◆ EXERCISE PROMPT
Exactly as written, return every line of the data below apart from the pictures.
═══ EXERCISE INPUTS
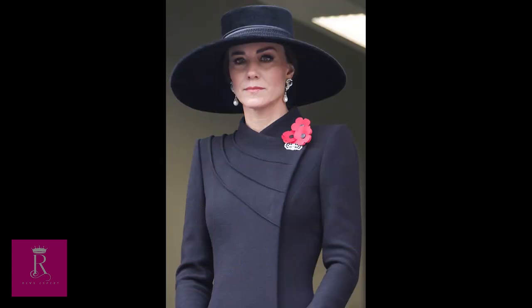Number six: National Service of Remembrance 2022. When it comes to more sober occasions, Kate Middleton also dresses the part in more simple and understated styles, like this wide-brimmed black hat.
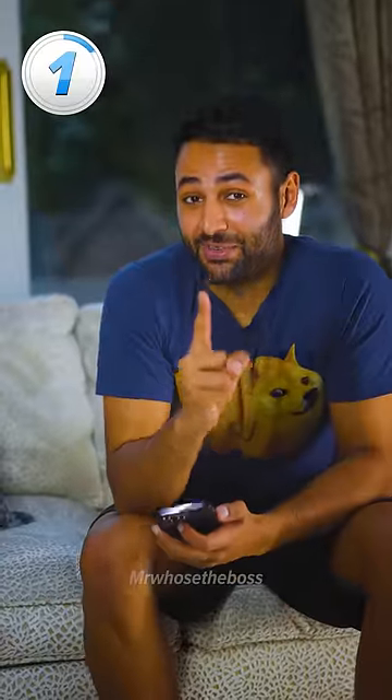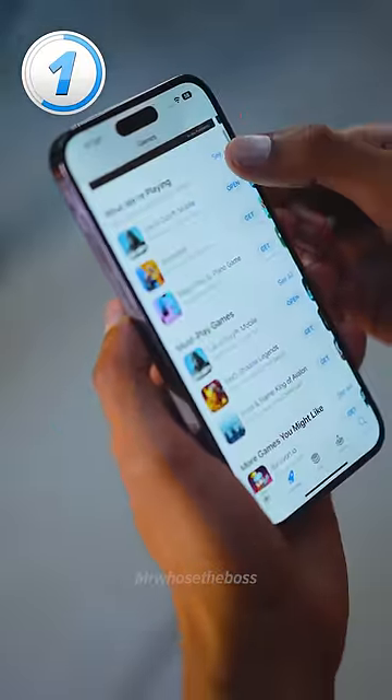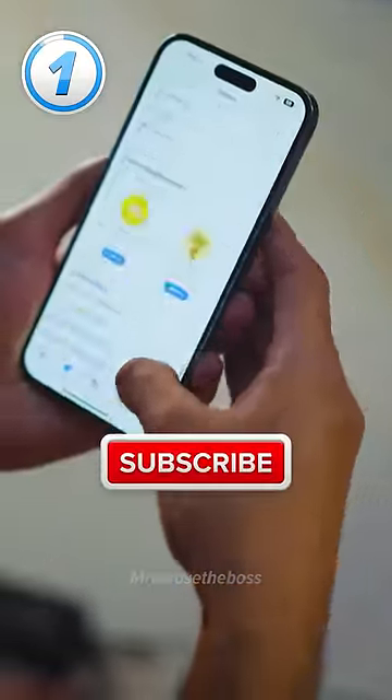Number one is going to change your life: the quick scroll. Anywhere where you see the scroll indicator, press and hold on it and you can navigate even faster.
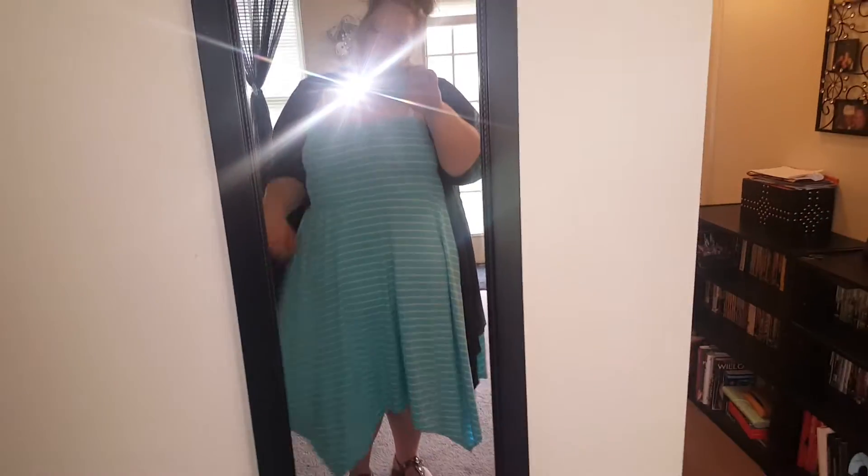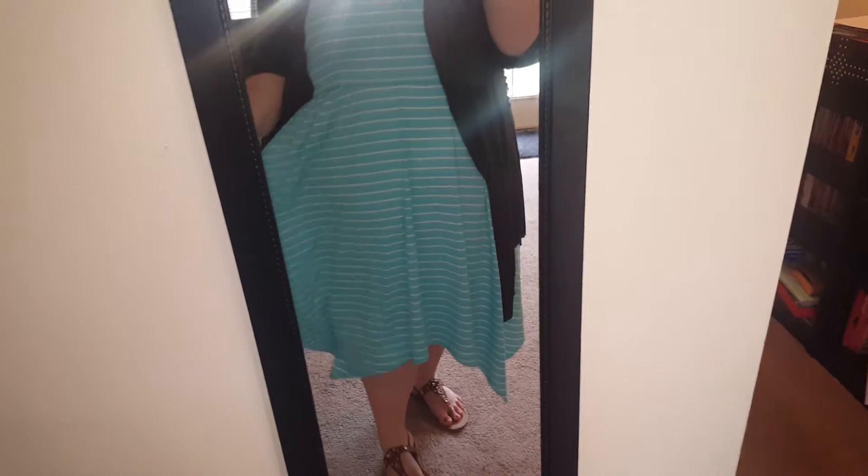So this is just a casual dress from Torrid. Sorry, the flash makes it hard to see well, but it's like that bandage material at the top from here up. I know my bra straps are showing, but I've been trying to keep this closed the whole time. The dress is from Torrid.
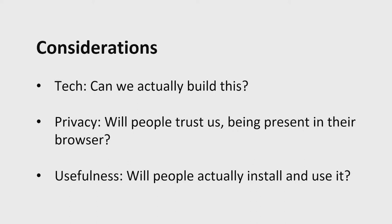There were quite a few considerations, of course. A browser extension is a really powerful technology — you can do a lot of things, and you can also see a lot of things. Can we actually build this? That was one question. But also privacy. With a browser extension, you're in the user's browser, so by definition you can see everything they're doing. That is a really privileged position to be in. Will people actually trust us being in their browser? That means we need to focus greatly on user privacy. And usefulness — will people actually install it? Are they going to use it? It was just a wild idea. Maybe it will work, maybe it won't. We'll simply test it out. And that's what we did.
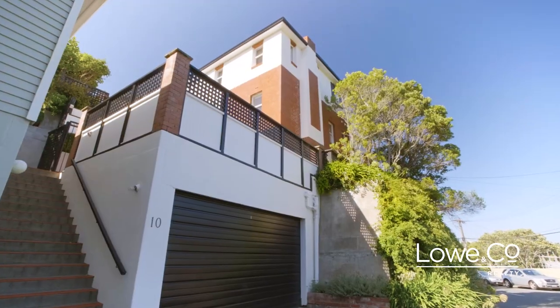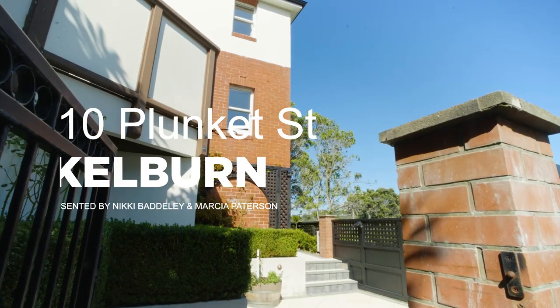This beautiful character home has been substantially renovated and strengthened and even has a new roof. I'm Marcia Patterson. I'm Nikki Baddeley and this is The Lowdown on 10 Plunkett Street, Kelvin.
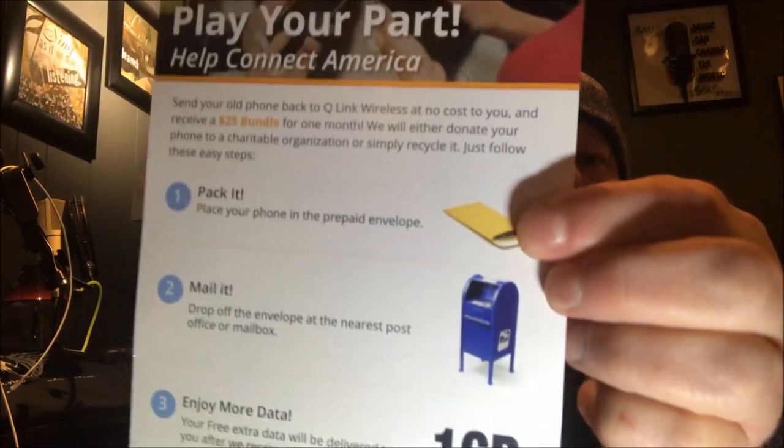That's what the little return package is for — it's kind of like a recycling thing for your old phone. Send your old phone back to Q-Link Wireless at no cost to you and receive a $25 bundle for one month. They will either donate your phone to a charitable organization or simply recycle it. Just follow these easy steps: place your phone in the prepaid envelope, mail it, enjoy your data. One gigabyte of data for free — your free extra data will be delivered to you after they receive your phone.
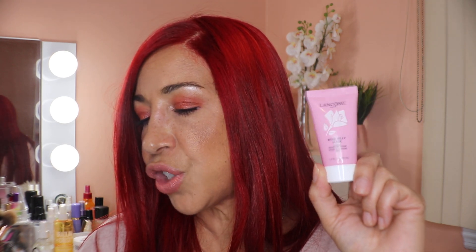Another sleeping mask for hydration is the Lancôme Rose Jelly Mask — this is a deluxe size, but the full size is $35 at Ulta or Macy's. Apply to clean, dry skin and leave on overnight. The claims describe it as an intensely hydrating leave-on gel mask that locks in moisture and plumps skin invisibly overnight. I love the rose scent — anything rose is soothing and pleasing to me.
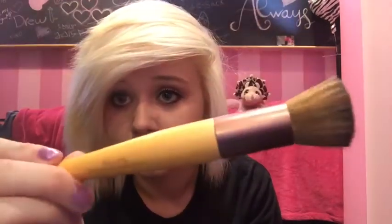I also bought this brush by EcoTools for the foundation. I didn't have a really good foundation brush, and when the associate put the foundation on me to demonstrate, she used a brush like this, so she recommended it. This one was $6 instead of like $20 for other options. I really like it and it's pretty cheap if you don't have one.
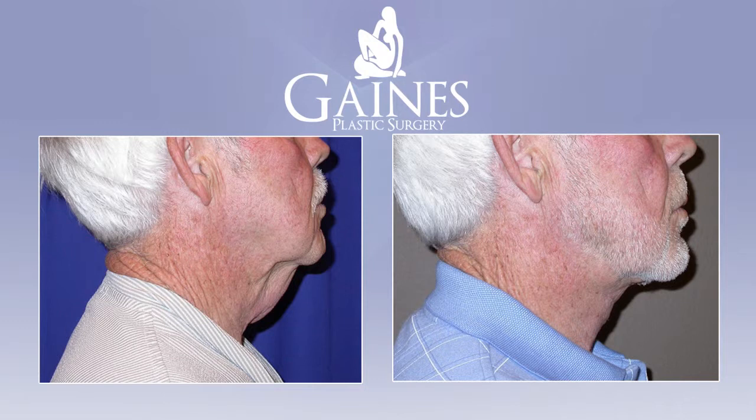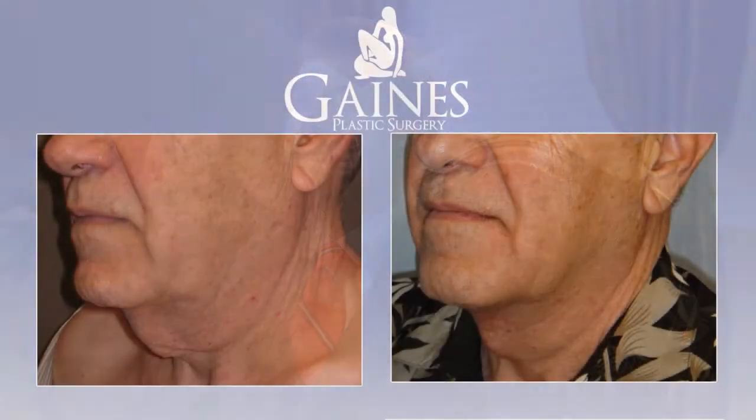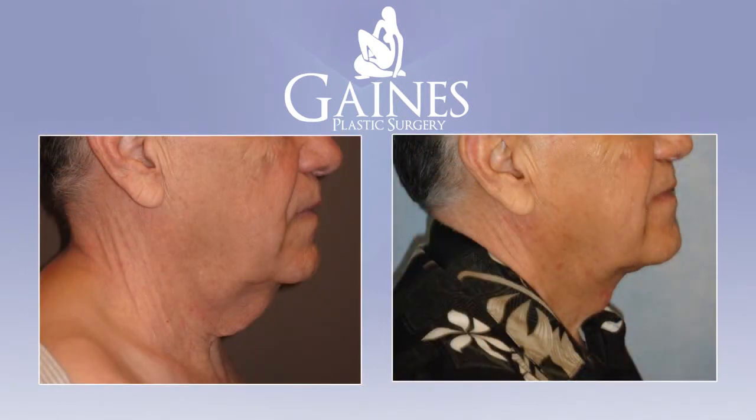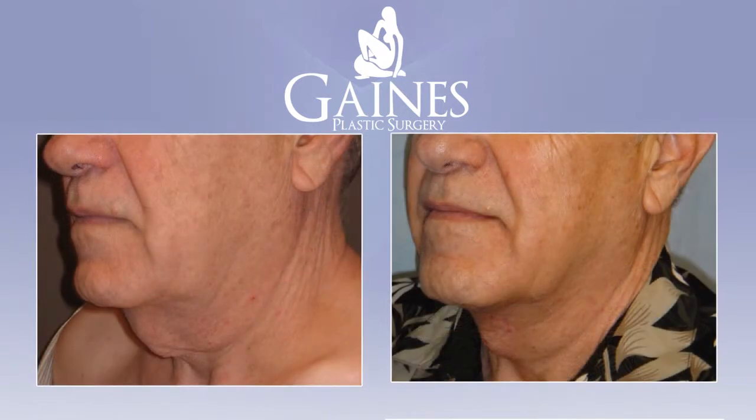It's a nice operation that will help to restore that sharper angle between the chin and the neck, and it's relatively quick to do and quick to get over. The incision is on the front of the neck, however it heals remarkably quickly. Most people are back to their usual activities within a week to a week and a half — really a great deal of change for a fairly short and convenient operation.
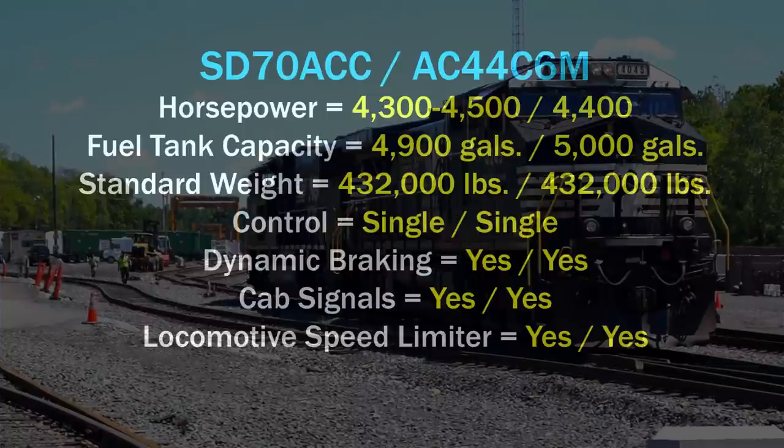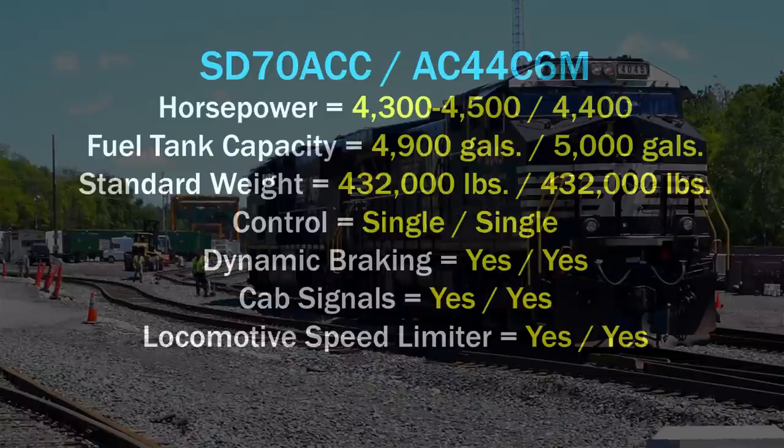A new CCB2 computer controlled braking system was also installed. All units are equipped with PTC, that's Positive Train Control systems, and are equipped for use in distributed power unit operation. All are also equipped with an automatic engine stop-start system. After rebuilding, the two returned to Muncie and emerged with new paint and were renumbered as the 1800 and the 1801.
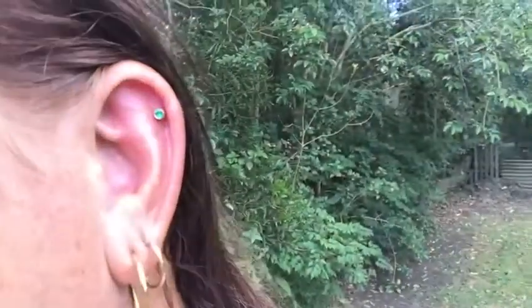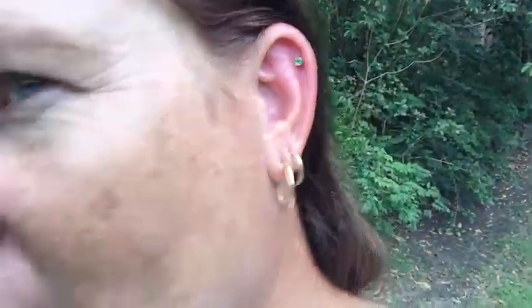I thought it was gonna hurt but it didn't actually hurt. It's like an aqua grain stud, it's got to stay in for eight weeks and then I can change it over. I've got a little solution for that, so it cost me about 30 bucks — quite good. If I knew it was gonna be like that, maybe I should have got one on the other side, but anyway, that's my newest adventure for today.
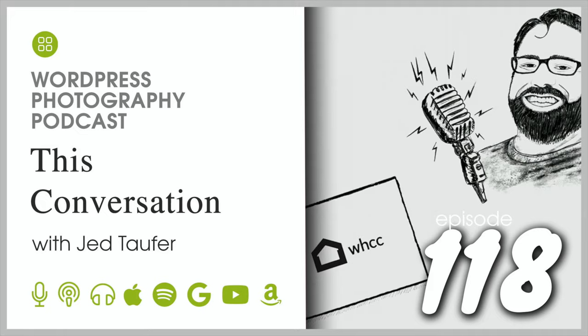Welcome to Episode 118. My name is Scott Wyden-Kivowitz, and today I have a special episode for you. This is an interesting one because this is one where I was interviewed on behalf of Imagely.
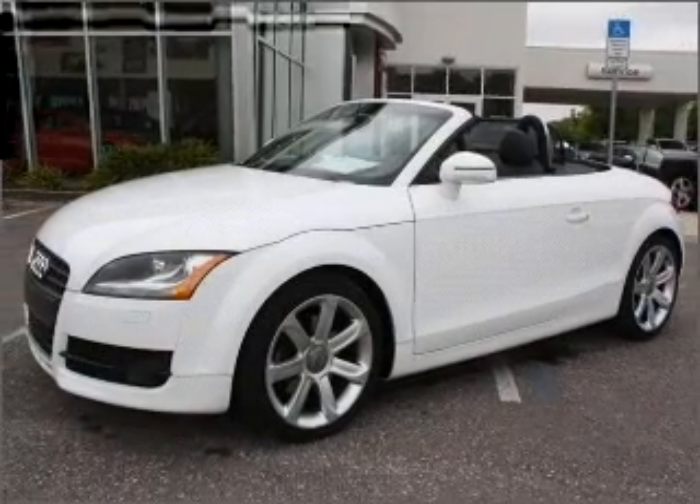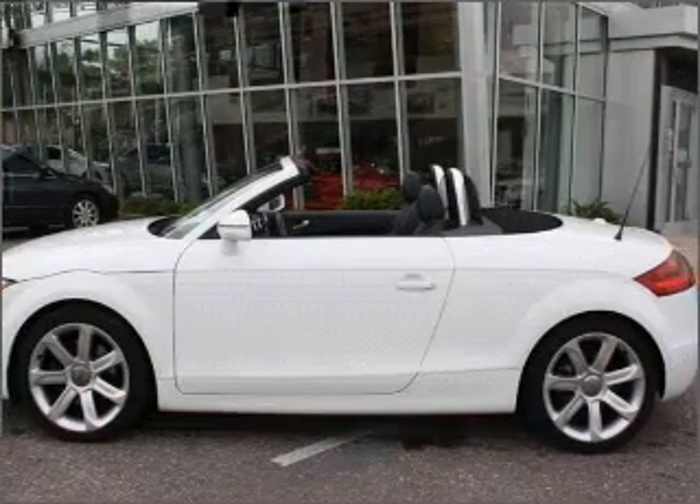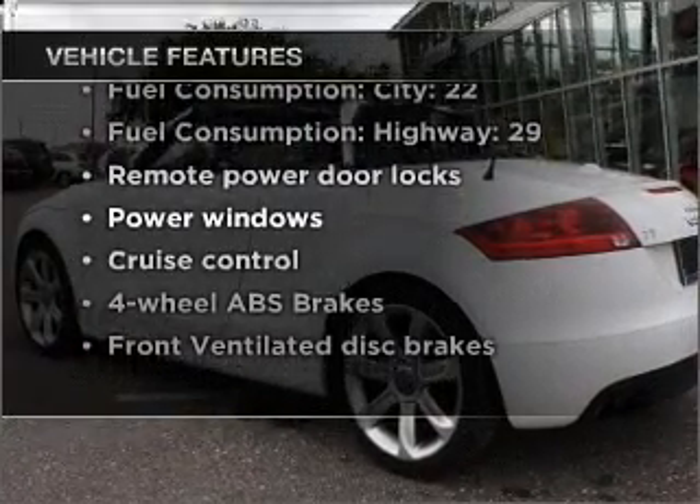Premium wheels lend a distinctive appearance. The anti-lock braking system will help deliver you safely to your destination. And with these notable features, you won't want to miss out on the opportunity to own this amazing vehicle.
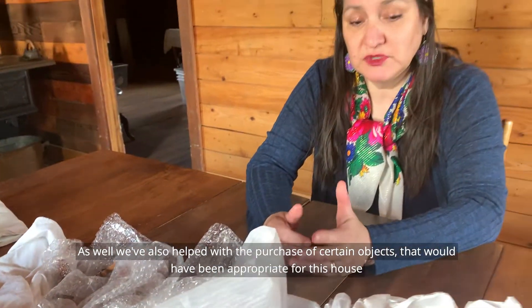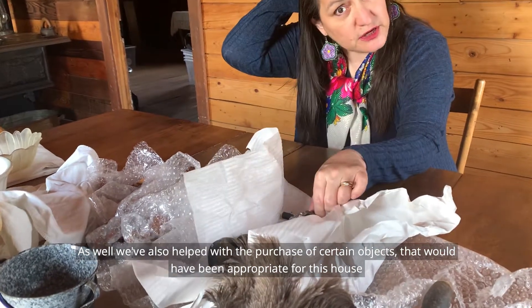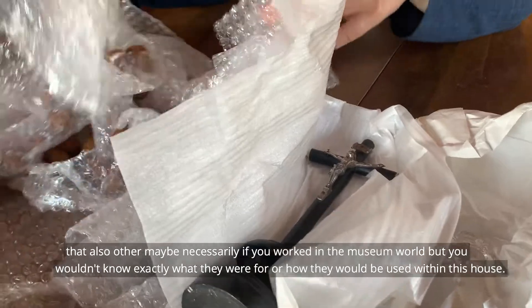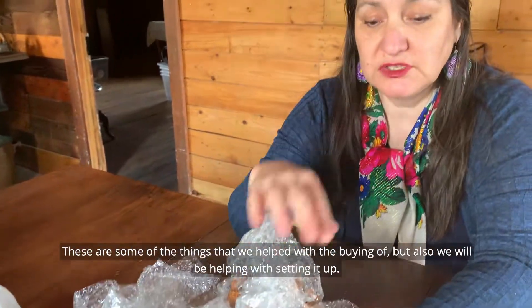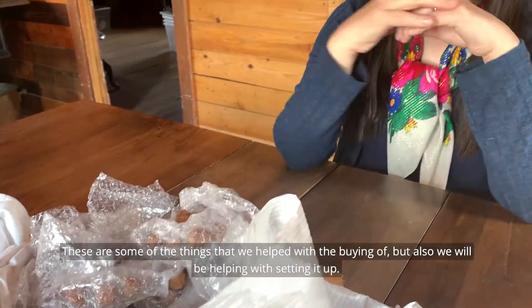We've also helped with the purchase of certain objects that would have been appropriate for this house — items that, even if you work in museum work, you wouldn't necessarily know exactly what they were for or how they would be used within this house. These are some of the things we helped with buying, and we will also be helping with setting it all up.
══════
◆ SOLUTION TO THIS PROBLEM
Number six: National Service of Remembrance 2022. When it comes to more sober occasions, Kate Middleton also dresses the part in more simple and understated styles, like this wide-brimmed black hat.
Number one is going to change your life: the quick scroll. Anywhere where you see the scroll indicator, press and hold on it and you can navigate even faster.
So this is just a casual dress from Torrid. Sorry, the flash makes it hard to see well, but it's like that bandage material at the top from here up. I know my bra straps are showing, but I've been trying to keep this closed the whole time. The dress is from Torrid.
There were quite a few considerations, of course. A browser extension is a really powerful technology — you can do a lot of things, and you can also see a lot of things. Can we actually build this? That was one question. But also privacy. With a browser extension, you're in the user's browser, so by definition you can see everything they're doing. That is a really privileged position to be in. Will people actually trust us being in their browser? That means we need to focus greatly on user privacy. And usefulness — will people actually install it? Are they going to use it? It was just a wild idea. Maybe it will work, maybe it won't. We'll simply test it out. And that's what we did.
This beautiful character home has been substantially renovated and strengthened and even has a new roof. I'm Marcia Patterson. I'm Nikki Baddeley and this is The Lowdown on 10 Plunkett Street, Kelvin.
That's what the little return package is for — it's kind of like a recycling thing for your old phone. Send your old phone back to Q-Link Wireless at no cost to you and receive a $25 bundle for one month. They will either donate your phone to a charitable organization or simply recycle it. Just follow these easy steps: place your phone in the prepaid envelope, mail it, enjoy your data. One gigabyte of data for free — your free extra data will be delivered to you after they receive your phone.
Another sleeping mask for hydration is the Lancôme Rose Jelly Mask — this is a deluxe size, but the full size is $35 at Ulta or Macy's. Apply to clean, dry skin and leave on overnight. The claims describe it as an intensely hydrating leave-on gel mask that locks in moisture and plumps skin invisibly overnight. I love the rose scent — anything rose is soothing and pleasing to me.
I also bought this brush by EcoTools for the foundation. I didn't have a really good foundation brush, and when the associate put the foundation on me to demonstrate, she used a brush like this, so she recommended it. This one was $6 instead of like $20 for other options. I really like it and it's pretty cheap if you don't have one.
It's a nice operation that will help to restore that sharper angle between the chin and the neck, and it's relatively quick to do and quick to get over. The incision is on the front of the neck, however it heals remarkably quickly. Most people are back to their usual activities within a week to a week and a half — really a great deal of change for a fairly short and convenient operation.
A new CCB2 computer controlled braking system was also installed. All units are equipped with PTC, that's Positive Train Control systems, and are equipped for use in distributed power unit operation. All are also equipped with an automatic engine stop-start system. After rebuilding, the two returned to Muncie and emerged with new paint and were renumbered as the 1800 and the 1801.
I thought it was gonna hurt but it didn't actually hurt. It's like an aqua grain stud, it's got to stay in for eight weeks and then I can change it over. I've got a little solution for that, so it cost me about 30 bucks — quite good. If I knew it was gonna be like that, maybe I should have got one on the other side, but anyway, that's my newest adventure for today.
Welcome to Episode 118. My name is Scott Wyden-Kivowitz, and today I have a special episode for you. This is an interesting one because this is one where I was interviewed on behalf of Imagely.
Premium wheels lend a distinctive appearance. The anti-lock braking system will help deliver you safely to your destination. And with these notable features, you won't want to miss out on the opportunity to own this amazing vehicle.
We've also helped with the purchase of certain objects that would have been appropriate for this house — items that, even if you work in museum work, you wouldn't necessarily know exactly what they were for or how they would be used within this house. These are some of the things we helped with buying, and we will also be helping with setting it all up.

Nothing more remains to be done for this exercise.